* **Input records**
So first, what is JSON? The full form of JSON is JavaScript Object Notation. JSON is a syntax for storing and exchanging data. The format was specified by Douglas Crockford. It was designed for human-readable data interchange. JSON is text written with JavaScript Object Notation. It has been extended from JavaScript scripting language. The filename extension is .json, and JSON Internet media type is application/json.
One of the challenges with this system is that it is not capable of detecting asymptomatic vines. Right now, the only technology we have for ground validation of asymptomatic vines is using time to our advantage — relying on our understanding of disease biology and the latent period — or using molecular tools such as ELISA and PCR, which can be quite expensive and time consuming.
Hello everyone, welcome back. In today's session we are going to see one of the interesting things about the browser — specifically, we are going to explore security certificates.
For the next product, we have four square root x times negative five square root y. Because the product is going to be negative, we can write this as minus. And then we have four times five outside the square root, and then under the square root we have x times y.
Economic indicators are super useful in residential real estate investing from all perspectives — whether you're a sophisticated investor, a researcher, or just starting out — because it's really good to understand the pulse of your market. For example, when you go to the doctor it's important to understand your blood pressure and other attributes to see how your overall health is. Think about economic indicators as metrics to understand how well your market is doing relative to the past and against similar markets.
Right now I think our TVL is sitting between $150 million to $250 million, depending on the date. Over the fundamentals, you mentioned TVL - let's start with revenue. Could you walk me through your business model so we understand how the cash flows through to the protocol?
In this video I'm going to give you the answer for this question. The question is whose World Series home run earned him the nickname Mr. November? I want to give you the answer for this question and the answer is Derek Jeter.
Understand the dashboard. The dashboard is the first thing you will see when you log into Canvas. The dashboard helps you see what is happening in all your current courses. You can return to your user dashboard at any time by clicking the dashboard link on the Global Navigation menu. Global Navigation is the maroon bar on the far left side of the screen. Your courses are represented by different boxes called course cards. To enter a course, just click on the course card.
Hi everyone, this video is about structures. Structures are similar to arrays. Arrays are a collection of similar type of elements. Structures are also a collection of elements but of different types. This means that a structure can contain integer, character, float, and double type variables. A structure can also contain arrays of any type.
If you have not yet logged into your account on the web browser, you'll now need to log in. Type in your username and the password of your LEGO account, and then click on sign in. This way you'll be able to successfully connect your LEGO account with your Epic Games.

--

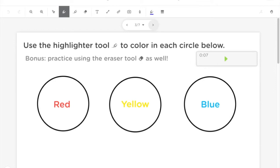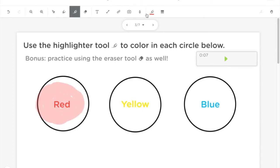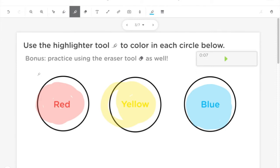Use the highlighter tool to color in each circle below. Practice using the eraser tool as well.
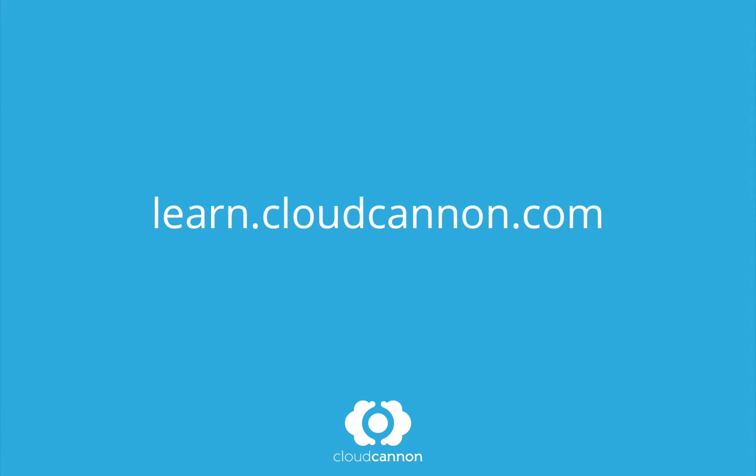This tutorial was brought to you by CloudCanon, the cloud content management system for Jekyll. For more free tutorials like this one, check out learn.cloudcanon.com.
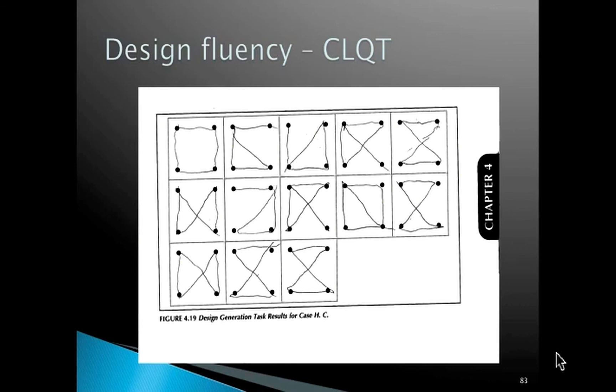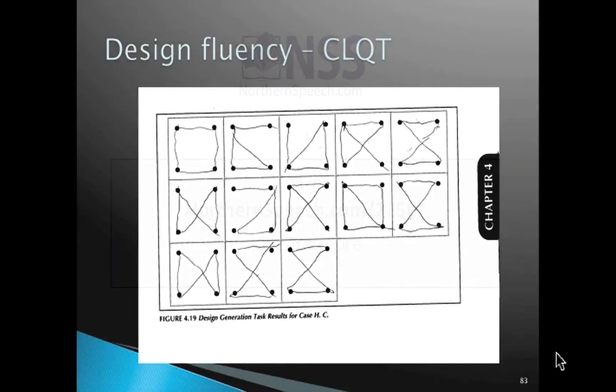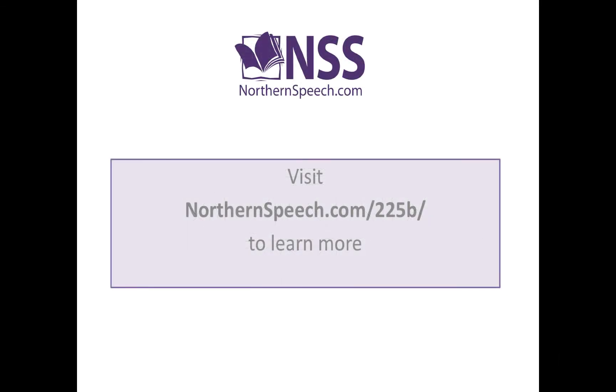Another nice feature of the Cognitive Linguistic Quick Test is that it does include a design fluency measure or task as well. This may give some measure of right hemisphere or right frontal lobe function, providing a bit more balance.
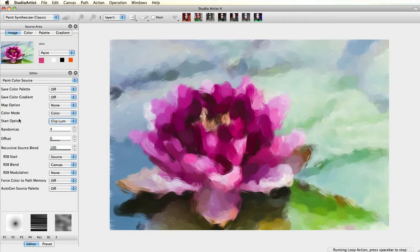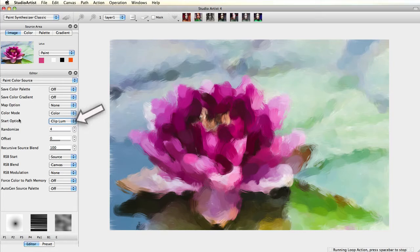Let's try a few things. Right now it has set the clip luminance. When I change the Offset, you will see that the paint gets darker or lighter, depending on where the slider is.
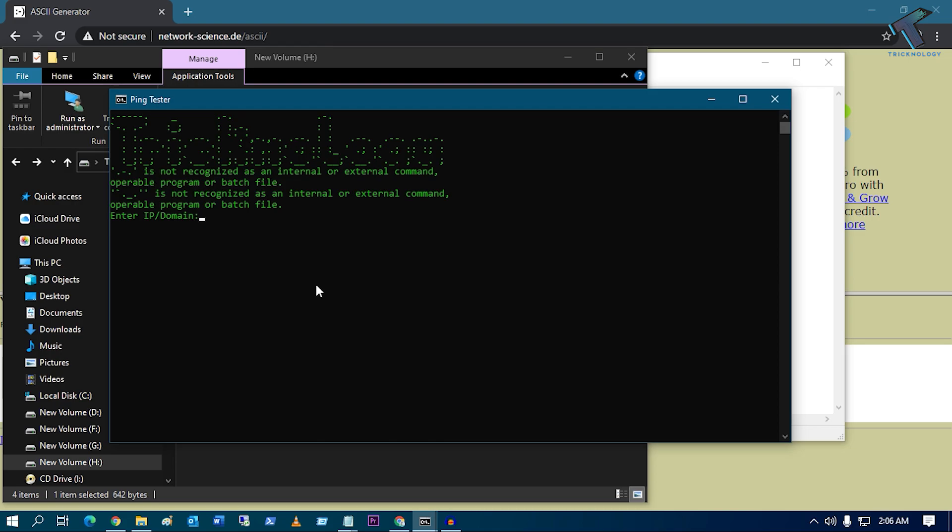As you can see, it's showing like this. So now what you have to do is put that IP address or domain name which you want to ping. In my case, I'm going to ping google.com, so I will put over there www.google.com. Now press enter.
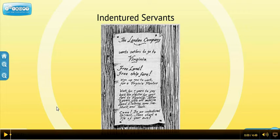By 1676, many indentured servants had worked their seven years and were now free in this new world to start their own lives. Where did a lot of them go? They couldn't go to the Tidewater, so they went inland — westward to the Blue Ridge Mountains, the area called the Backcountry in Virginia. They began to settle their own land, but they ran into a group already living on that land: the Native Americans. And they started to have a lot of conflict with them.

==

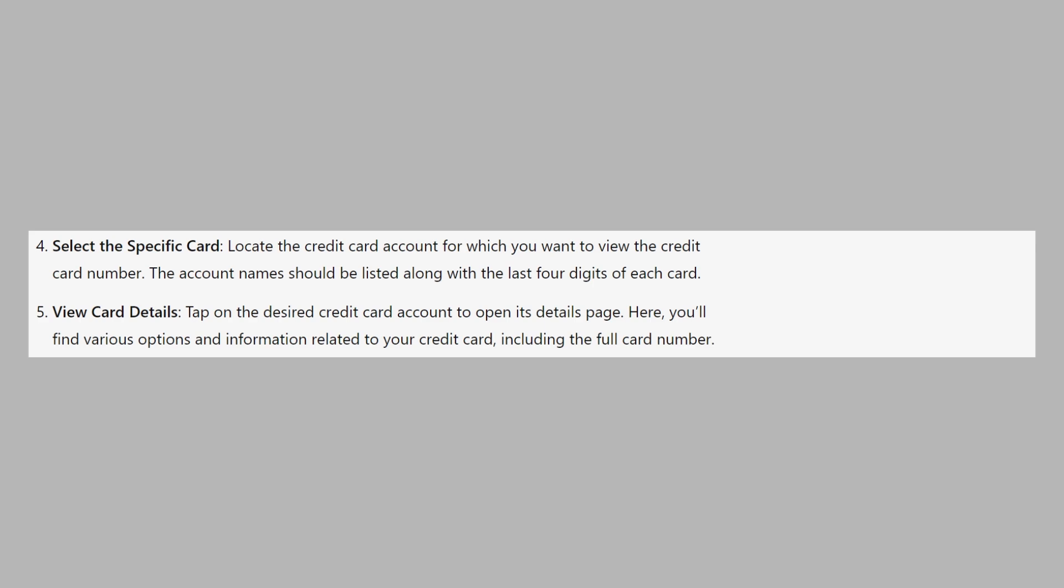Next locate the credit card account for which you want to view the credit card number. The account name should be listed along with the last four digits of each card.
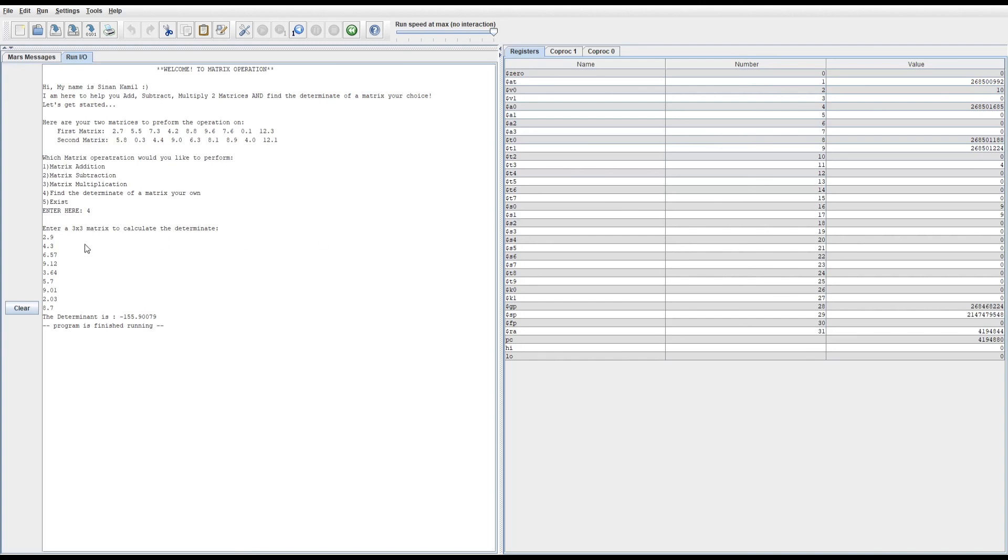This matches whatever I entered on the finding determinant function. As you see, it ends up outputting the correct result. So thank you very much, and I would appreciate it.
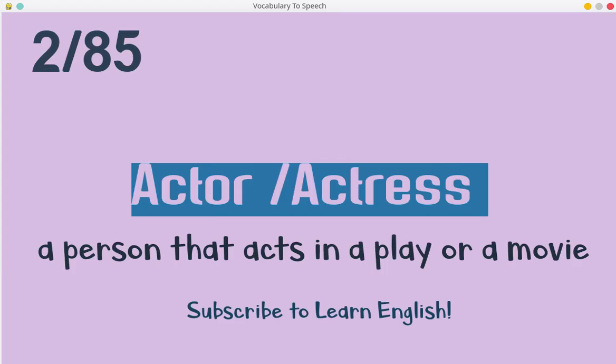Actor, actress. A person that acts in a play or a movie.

* **Exercise instructions**
Reproduce the records above exactly, but only from the line with "This matches whatever" up to and including the line with "Actor, actress. A". Leave the pictures out.

* **Solution to this task**
This matches whatever I entered on the finding determinant function. As you see, it ends up outputting the correct result. So thank you very much, and I would appreciate it.
Actor, actress. A person that acts in a play or a movie.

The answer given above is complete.